A 4-day-old zebrafish embryo's dour mug nabbed the top prize in the annual Nikon Small World photo competition

Winning imaging technique allows geneticists to study development at cellular level through zebrafish

FISH FACE. Geneticist Oscar Ruiz snapped this photo of a 4-day-old zebrafish embryo. The image won first place in the 2016 Nikon Small World contest.

Source: news News By Emily De Marco

This forlorn-looking face of a 4-day-old zebrafish embryo represents “a whole new avenue of research” for geneticist Oscar Ruiz, who studies how faces and facial abnormalities develop at the cellular level.

The research is possible thanks to a new method, developed by Ruiz and colleagues at the University of Texas MD Anderson Cancer Center in Houston, for mounting embryos in a gel that allows for clear, head-on pictures. A technique called confocal microscopy captures images like the one above, the first-place winner of this year’s Nikon Small World photography contest.

The embryo was euthanized before having its picture taken. But Ruiz is experimenting with taking time-lapse images of live, anesthetized zebrafish embryos. The camera snaps an image every five minutes for up to 48 hours, meaning that “we’re able to watch the development happening,” Ruiz says.

So far, the team has looked at embryos ranging from 1 to 6 days old. The researchers are compiling the images into an atlas documenting the developmental stages of the zebrafish face. They plan to use CRISPR/Cas9, a powerful gene-editing tool, to alter genes involved in facial abnormalities in the fish and then watch what changes, if any, occur. The research could one day be used to help scientists understand how a cleft lip or cleft palate develops in humans and possibly help treat it, Ruiz says.

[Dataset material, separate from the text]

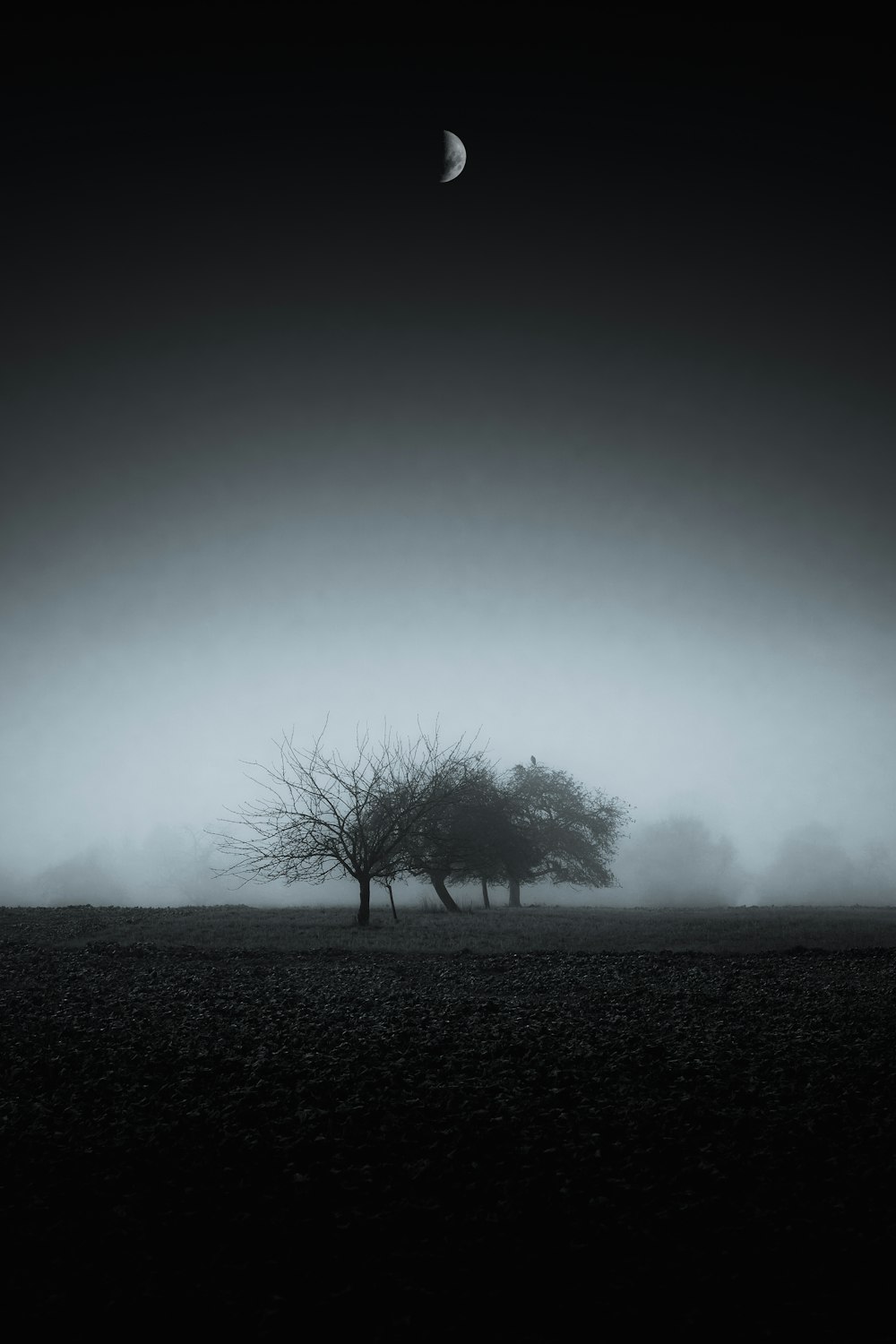 two trees in a field with a half moon in the background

In the image above, shown at 10x magnification, basal cells (green) in the bottom layer of skin give rise to more developed surface skin cells (red). Cell nuclei appear in blue.

"Everyone’s first impression is that those two holes in the center are its developing eyes," Ruiz says. But they're not. Those deceptive hollows are nascent olfactory tissue, used to smell. The eyes are actually the big bulges on either side of the face.